Il Tribunale di Roma accoglieva la domanda di usucapione proposta da una donna nei confronti dei due convenuti, i quali avevano ottenuto il possesso dei beni oggetto della domanda per successione ereditaria.
L'attrice era stata nomina protutrice di uno dei convenuti che all'epoca era minorenne. Ebbene, la domanda di usucapione veniva accolta in virtù del possesso esclusivo esercitato sui predetti beni.
La Corte d'Appello ha confermato la decisione.
I soccombenti sostenevano che in realtà la parte vincitrice dei primi due gradi di giudizio non aveva usucapito, perchè l'utilizzo dei beni ereditari era solo una "concessione" tollerata da tutti.

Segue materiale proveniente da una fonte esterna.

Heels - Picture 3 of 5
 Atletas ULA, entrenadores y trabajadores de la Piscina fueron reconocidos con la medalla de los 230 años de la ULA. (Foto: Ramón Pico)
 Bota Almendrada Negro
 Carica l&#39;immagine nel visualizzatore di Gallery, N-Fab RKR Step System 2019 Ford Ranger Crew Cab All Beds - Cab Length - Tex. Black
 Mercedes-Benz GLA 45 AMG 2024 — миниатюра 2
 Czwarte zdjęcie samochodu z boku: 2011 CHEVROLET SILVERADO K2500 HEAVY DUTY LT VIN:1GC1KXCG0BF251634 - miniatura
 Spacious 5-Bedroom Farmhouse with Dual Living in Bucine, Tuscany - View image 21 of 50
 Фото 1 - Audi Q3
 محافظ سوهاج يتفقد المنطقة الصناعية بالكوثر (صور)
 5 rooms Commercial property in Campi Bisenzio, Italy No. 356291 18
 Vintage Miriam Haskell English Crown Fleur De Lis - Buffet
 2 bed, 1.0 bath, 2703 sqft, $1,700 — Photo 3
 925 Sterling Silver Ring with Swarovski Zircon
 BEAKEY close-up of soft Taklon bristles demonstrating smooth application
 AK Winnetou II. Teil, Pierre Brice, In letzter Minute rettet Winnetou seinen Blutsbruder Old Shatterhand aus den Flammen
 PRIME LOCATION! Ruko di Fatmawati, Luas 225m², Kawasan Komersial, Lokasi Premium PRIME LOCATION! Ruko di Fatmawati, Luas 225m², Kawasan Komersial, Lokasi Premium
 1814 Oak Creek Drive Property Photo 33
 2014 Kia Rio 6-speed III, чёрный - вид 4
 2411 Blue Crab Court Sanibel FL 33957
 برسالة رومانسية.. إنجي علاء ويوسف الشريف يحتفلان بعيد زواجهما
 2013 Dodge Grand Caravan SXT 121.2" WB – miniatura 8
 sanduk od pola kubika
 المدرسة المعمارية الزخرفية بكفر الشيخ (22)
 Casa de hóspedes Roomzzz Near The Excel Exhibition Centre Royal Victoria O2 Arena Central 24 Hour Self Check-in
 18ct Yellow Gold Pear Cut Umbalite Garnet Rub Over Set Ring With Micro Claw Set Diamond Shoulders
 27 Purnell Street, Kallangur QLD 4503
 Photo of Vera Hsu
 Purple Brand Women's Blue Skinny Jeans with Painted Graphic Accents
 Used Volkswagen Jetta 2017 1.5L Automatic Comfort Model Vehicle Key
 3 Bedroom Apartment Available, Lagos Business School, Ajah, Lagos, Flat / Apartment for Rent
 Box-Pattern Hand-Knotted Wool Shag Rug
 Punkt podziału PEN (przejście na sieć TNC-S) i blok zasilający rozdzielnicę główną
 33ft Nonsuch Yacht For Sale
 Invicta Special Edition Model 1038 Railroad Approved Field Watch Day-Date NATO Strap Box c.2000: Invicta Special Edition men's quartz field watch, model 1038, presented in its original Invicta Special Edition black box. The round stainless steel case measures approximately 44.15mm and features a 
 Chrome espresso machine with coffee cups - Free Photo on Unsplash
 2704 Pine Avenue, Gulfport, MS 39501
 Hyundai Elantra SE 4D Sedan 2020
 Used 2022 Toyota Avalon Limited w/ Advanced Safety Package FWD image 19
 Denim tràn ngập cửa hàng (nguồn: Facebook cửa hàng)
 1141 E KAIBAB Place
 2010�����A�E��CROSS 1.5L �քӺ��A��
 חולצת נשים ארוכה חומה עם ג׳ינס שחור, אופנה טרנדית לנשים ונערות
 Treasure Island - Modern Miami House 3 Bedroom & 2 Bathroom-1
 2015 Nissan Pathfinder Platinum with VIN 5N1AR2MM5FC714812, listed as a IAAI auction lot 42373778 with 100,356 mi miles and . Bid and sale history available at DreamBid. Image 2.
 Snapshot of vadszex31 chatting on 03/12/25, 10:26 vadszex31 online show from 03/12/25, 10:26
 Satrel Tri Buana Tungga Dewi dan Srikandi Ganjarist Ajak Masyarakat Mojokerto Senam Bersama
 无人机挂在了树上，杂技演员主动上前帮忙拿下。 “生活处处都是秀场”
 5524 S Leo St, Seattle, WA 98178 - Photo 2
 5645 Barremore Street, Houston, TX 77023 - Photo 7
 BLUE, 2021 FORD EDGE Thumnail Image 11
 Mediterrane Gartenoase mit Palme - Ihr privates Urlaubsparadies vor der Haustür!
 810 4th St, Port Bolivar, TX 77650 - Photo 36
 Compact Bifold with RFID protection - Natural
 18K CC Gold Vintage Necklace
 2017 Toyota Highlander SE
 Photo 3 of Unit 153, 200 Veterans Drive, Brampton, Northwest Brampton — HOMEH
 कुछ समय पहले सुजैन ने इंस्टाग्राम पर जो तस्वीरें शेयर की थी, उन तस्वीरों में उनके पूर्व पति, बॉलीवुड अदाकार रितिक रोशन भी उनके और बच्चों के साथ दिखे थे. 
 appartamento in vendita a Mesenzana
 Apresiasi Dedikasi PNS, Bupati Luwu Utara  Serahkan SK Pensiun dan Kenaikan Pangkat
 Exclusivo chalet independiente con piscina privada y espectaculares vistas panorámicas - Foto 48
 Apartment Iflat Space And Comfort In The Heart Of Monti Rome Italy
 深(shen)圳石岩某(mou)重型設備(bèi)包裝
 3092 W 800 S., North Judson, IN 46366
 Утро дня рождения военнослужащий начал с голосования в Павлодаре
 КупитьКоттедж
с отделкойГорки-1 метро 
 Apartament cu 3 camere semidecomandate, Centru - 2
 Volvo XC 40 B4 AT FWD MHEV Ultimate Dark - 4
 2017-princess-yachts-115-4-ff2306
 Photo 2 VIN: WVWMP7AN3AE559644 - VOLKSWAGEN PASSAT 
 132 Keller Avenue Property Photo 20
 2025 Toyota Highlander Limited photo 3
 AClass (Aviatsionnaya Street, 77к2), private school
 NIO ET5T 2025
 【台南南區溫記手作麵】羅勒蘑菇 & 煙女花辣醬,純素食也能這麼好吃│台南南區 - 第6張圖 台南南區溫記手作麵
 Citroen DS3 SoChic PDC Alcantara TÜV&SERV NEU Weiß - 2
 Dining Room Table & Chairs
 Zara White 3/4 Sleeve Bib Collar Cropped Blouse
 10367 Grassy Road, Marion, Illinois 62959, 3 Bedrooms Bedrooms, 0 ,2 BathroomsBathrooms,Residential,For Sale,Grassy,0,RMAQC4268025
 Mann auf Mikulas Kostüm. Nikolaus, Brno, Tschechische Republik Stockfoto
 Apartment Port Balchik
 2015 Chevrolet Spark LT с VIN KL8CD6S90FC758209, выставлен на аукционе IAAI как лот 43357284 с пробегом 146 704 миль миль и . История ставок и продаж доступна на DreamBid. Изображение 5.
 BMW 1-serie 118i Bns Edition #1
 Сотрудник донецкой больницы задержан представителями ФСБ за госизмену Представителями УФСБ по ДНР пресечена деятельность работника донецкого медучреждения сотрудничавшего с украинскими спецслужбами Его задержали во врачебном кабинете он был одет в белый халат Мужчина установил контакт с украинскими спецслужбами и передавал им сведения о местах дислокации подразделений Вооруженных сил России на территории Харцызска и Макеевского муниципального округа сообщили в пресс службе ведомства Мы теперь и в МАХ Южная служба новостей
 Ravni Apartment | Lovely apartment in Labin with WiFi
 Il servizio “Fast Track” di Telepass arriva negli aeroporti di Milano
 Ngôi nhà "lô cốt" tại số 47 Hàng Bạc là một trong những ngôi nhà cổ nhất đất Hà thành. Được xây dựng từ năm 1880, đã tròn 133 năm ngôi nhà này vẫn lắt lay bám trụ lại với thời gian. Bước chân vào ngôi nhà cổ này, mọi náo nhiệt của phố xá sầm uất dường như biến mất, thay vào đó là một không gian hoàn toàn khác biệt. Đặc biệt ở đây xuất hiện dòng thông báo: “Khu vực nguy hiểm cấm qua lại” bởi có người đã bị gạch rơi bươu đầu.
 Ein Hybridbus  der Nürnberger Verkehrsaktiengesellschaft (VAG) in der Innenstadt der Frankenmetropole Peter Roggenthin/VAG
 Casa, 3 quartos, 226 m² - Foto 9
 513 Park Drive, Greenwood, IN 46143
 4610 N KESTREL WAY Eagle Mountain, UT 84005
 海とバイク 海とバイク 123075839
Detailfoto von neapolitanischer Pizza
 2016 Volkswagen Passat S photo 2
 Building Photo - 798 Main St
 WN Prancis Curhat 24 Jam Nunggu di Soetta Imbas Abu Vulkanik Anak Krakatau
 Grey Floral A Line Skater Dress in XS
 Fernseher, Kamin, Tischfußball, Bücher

La Cassazione si è trovata a decidere questo complicato caso ed ha ritenuto che «il coerede che, dopo la morte del "de cuius", sia rimasto nel possesso del bene ereditario può, prima della divisione, usucapire la quota degli altri eredi, a tal fine, però, egli, che già possiede "animo proprio" ed a titolo di comproprietà, è tenuto ad estendere tale possesso in termini di esclusività, godendo del bene con modalità incompatibili con la possibilità di godimento altrui e tali da evidenziare un'inequivoca volontà di possedere "uti dominus" e non più "uti condominus", risultando a tal fine insufficiente l'astensione degli altri partecipanti dall'uso della cosa comune (Cass. civ., sez. II, 22.1.2019, n. 1642)».
Nella sostanza, insomma, chi vuole provare l'usucapione deve provare che ha da sempre (per il tempo necessario ad usucapire) utilizzato il bene proprio come se fosse proprio e non "di tutti gli eredi".